To handle this case efficiently and without disorderly connection termination, operators may utilize the following mitigation techniques:

  • Configure a connection max lifetime in the connection pool. This will force a periodic connection recycling, maintaining a reasonable connection balance. A 30 minutes may be a good starting point when fine tuning for specific application requirements. A good practice range for the max connection lifetime is between 10 and 60 minutes. A lower value will allow a more vigorous connection balancing at the expense of a higher re-connect overhead. Less than 10 minutes may add a measurable re-connect overhead (particularly with TLS) with an adverse effects on the workload performance. Over 60 minutes may make connection rebalancing sluggish.
  • This value selection should be coordinated with the snapshot rebalancing rate setting (or rather measurements of the elapsed time to complete node data rebalancing for the given rate setting), so connections are rebalanced to new nodes reasonably promptly following a cluster expansion.
  • Instead of effective, yet simplistic roundrobin load balancing algorithm, configure a method that is aware of the current number of server connections, such as HAProxy's leastconn, that routs the new connections to nodes with the lowest number of connections. This mitigation technique is not commonly deployed and the potential side effects/scenarios are less studied/understood. This approach is viewed as riskier and requires extra operator's due diligence during QA cycles.
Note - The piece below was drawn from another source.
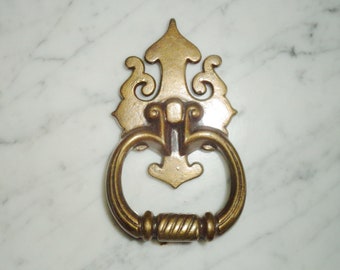 National Lock co Spade Tip Colonial Carriage House Drop Ring Bail Drawer Pulls~ 4 5/8 inches tall w 2 1/2 Inch Vertical Screw Hole Space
Connection Failover and Failback

To ensure orderly connection failover, follow the guidance in the node shutdown article. If followed, the connection failover will be orderly and will cause no service interruptions. It requires a coordination between the cluster settings, load balancer settings and connection pooling configuration.

Connection failback is effectively the same topic as connection balancing and therefore does not require special operational provisions.